● **YOUR ASSIGNMENT**
Exactly as they appear, write the lines from the one containing "Carabineros detuvo a" to the final line of the entries, leaving pictures out.

◆ ◆ ◆ ◆ ◆ ◆ ◆

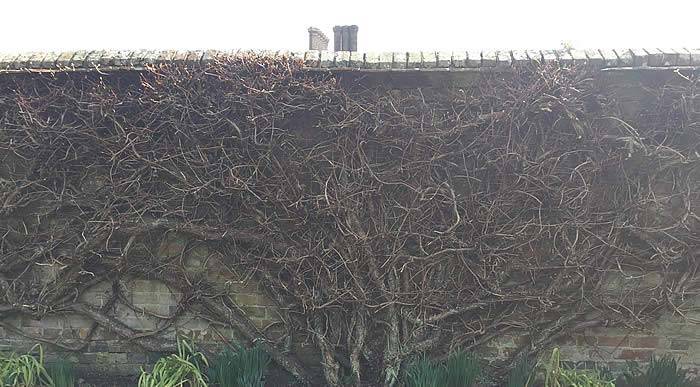 Climbing Hydrangea Petiolaris 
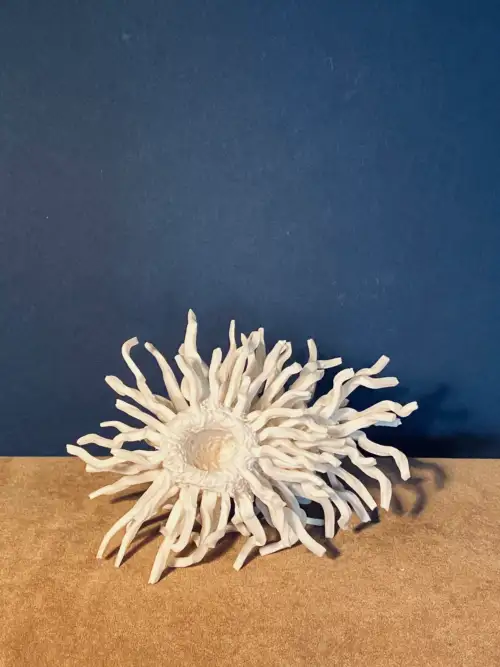 5.3 Callisto : in Myth a she-bear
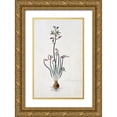 thumbnail image 1 of Gordon, Robert J. 21x32 Gold Ornate Wood Framed with Double Matting Museum Art Print Titled - Corkscrew Albuca, 1 of 4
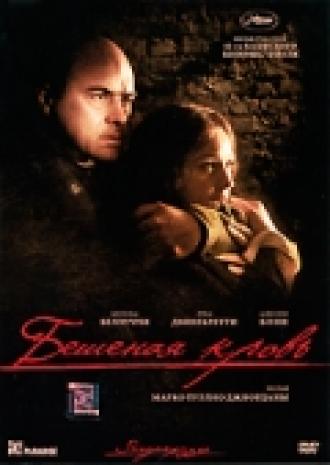 Бешеная кровь (фильм 2008)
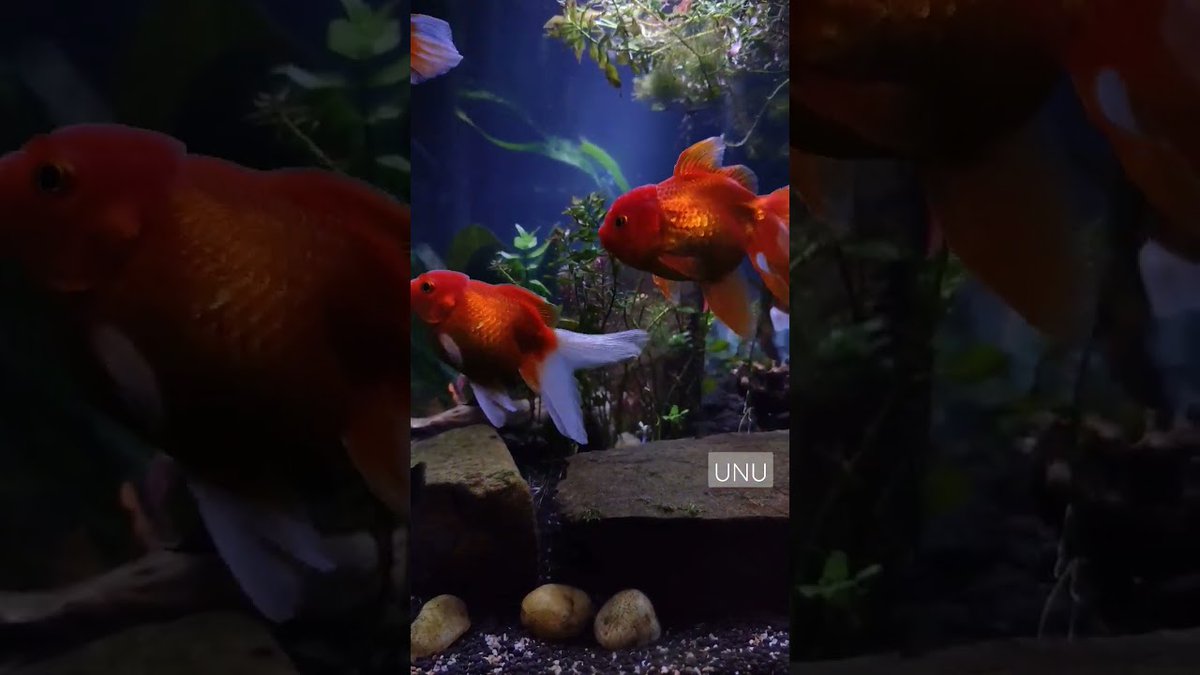 Aquariums: #peace #goldfish #aquarium #acuarioplantado #oranda_gold_fish #plantedtank

flakefood.com/407104/aquariu…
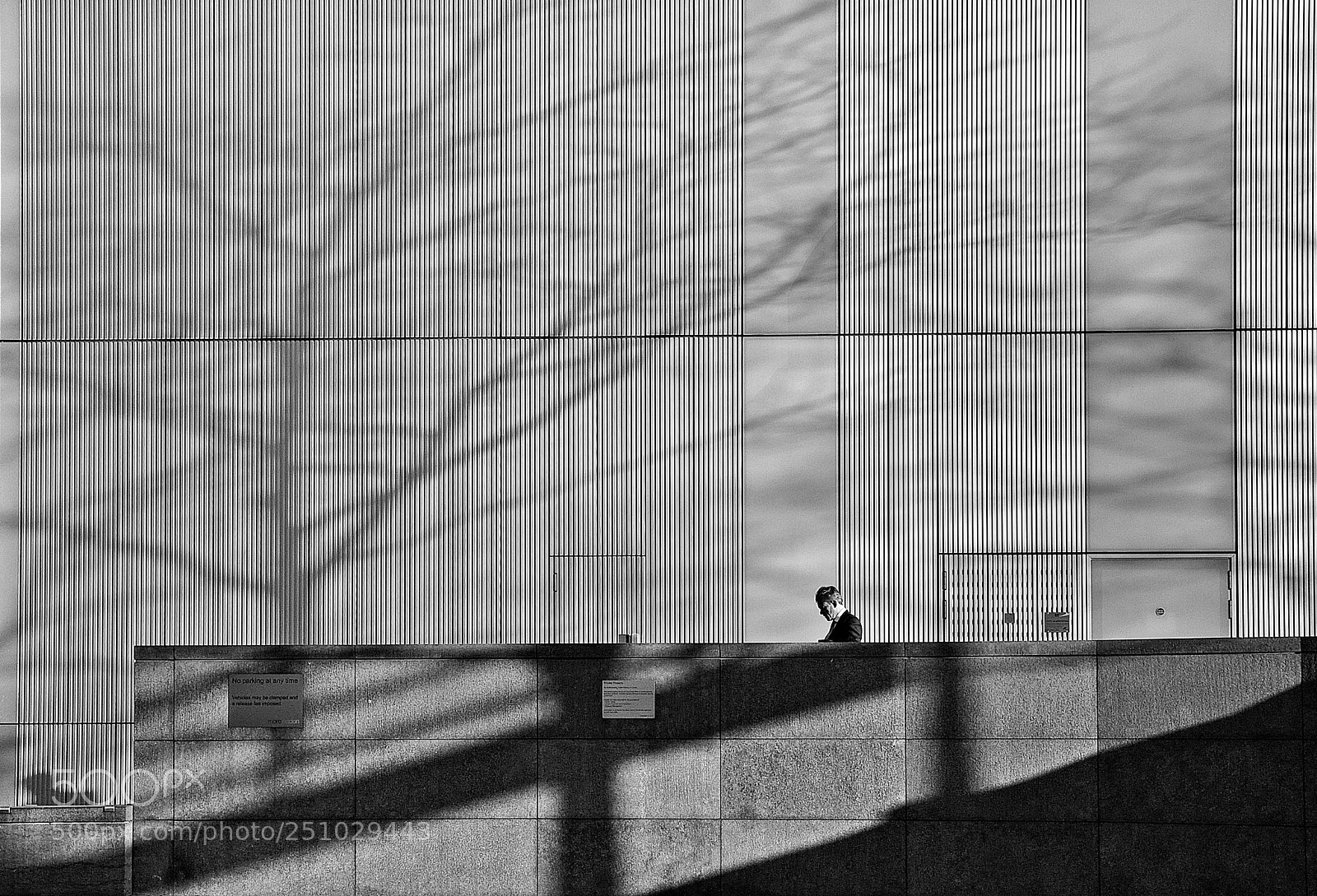 Nikon D90 sample photo. Tree shadow. photography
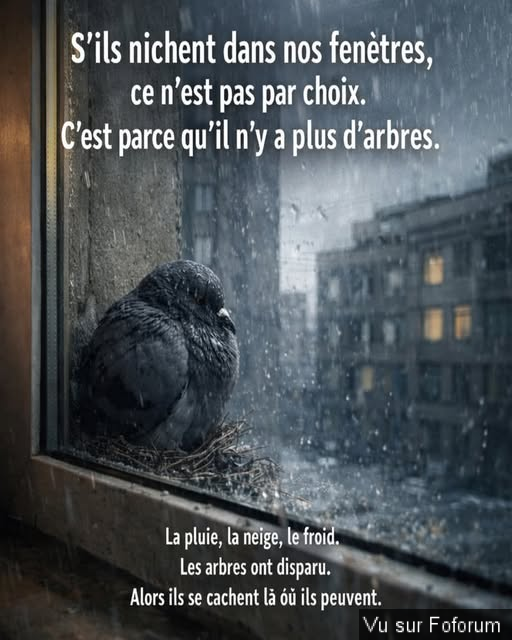 🎁 Bonus Fofocoins : La réponse surprise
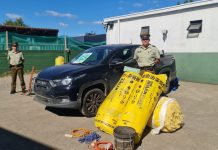 Carabineros detuvo a dos sujetos en Osorno tras robar una camioneta en San Pablo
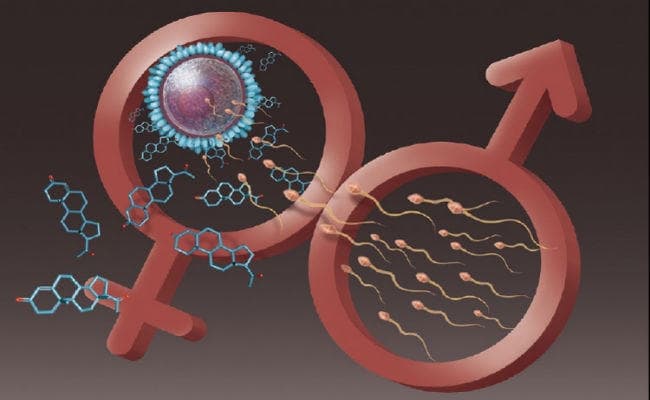 चीन की पारंपरिक औषधियों के रसायन ‘मॉलिक्यूलर कंडोम'' बनाने में कारगर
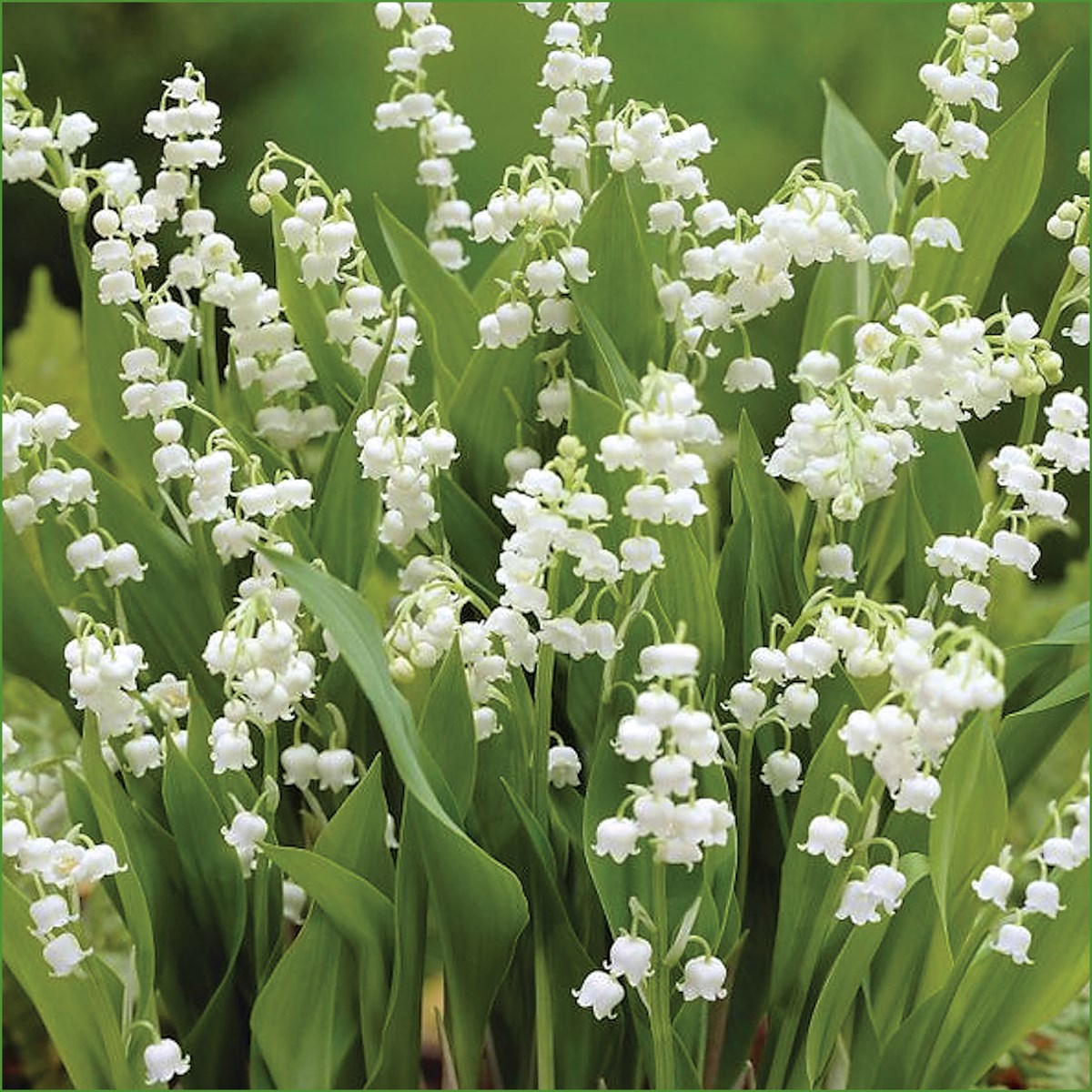 LilyoftheValley Collections Etc.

◆ ◆ ◆ ◆ ◆ ◆ ◆

● **RESPONSE**
 Carabineros detuvo a dos sujetos en Osorno tras robar una camioneta en San Pablo
 चीन की पारंपरिक औषधियों के रसायन ‘मॉलिक्यूलर कंडोम'' बनाने में कारगर
 LilyoftheValley Collections Etc.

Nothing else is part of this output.